5. Did you spend enough to make the annual fee worth it?

This is perhaps one of the most fundamental questions to consider when conducting your credit card year-in-review. Many credit cards charge an annual fee in exchange for all of those fun perks and programs. Paying that fee, however, really only makes sense if you’re actually utilizing those bonuses, perks, programs, or other rewards year after year. If, as your lifestyle evolves, you stop getting value out of a card and its offerings, it may be time to part ways and save yourself some money.

“Know when a credit card with a fee is worth it, and when it’s not,” says Szymanski. “If your card has an annual fee of $100, but you only earn and redeem $50 in rewards points, the card isn’t worth your time.”

The good news is that most credit card issuers waive their annual fee during the first year you have the account, which provides an ideal opportunity as a savvy consumer to test out your spending with the card and determine how to get the most out of the rewards.

In cases where you’re not earning and redeeming enough rewards to justify continuing with the card and its annual fee, experts often recommend switching to a no fee-card or finding a different annual fee card that better fits your current spending habits.

Walsh, however, takes it one step further. He suggests that as a rule of thumb, it only ever makes sense to pay an annual fee on just one credit card. Nothing more.

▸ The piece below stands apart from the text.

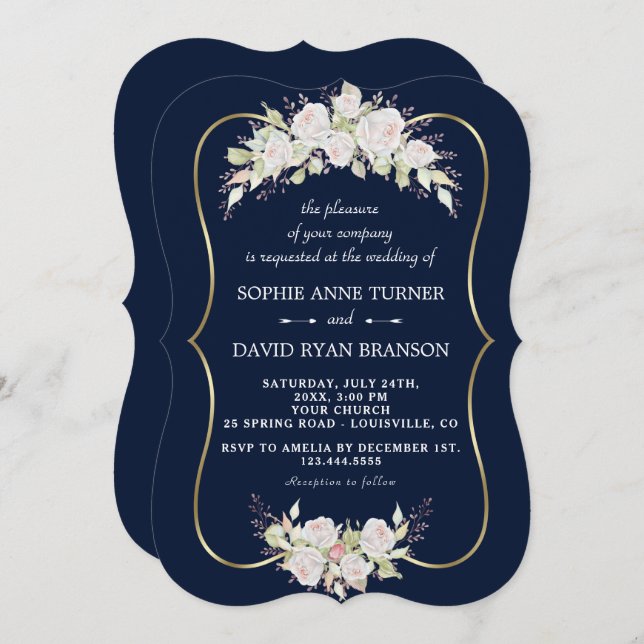 Elegant White Pink Roses Navy Blue Gold Wedding Invitation (Front/Back)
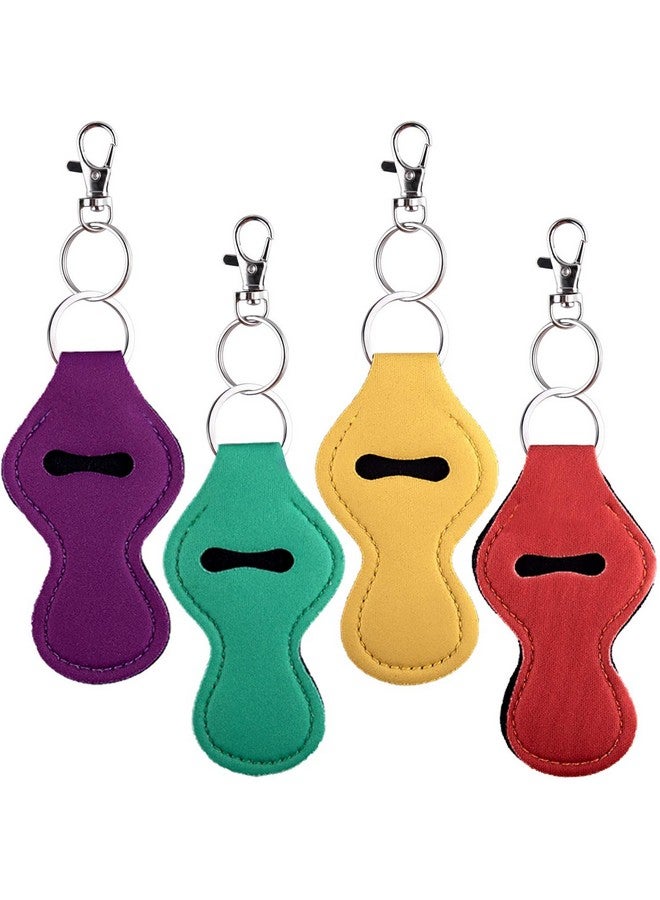 Duufin 24 Pcs Chapstick Holder Keychains Lipstick Holder Keychains with 24 Pcs Metal Clip Cords for Chapstick Tracker and Safeguard, 12 Vibrant Color - Image 3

“One annual fee is ok as long as you’re getting a benefit out of it. But paying two, three, or four credit card fees doesn’t make sense because it is extremely rare that you are going to get that much benefit out of those extra cards,” says Walsh. “And there’s also plenty of opportunities for cards out there that offer equally compelling awards and don’t charge any fee at all.”

The takeaway

Conducting an annual year-in-review look at each of your credit card accounts is an essential part of staying on top of your finances. It’s a process that can help shed light not only on expiring benefits that you may want to act fast to take advantage of but also allows for taking a step back and deciding whether your credit cards are still a good fit for your current spending habits and lifestyle. If a credit card has outgrown its usefulness and you’re paying a steep annual fee, it may be time to part ways.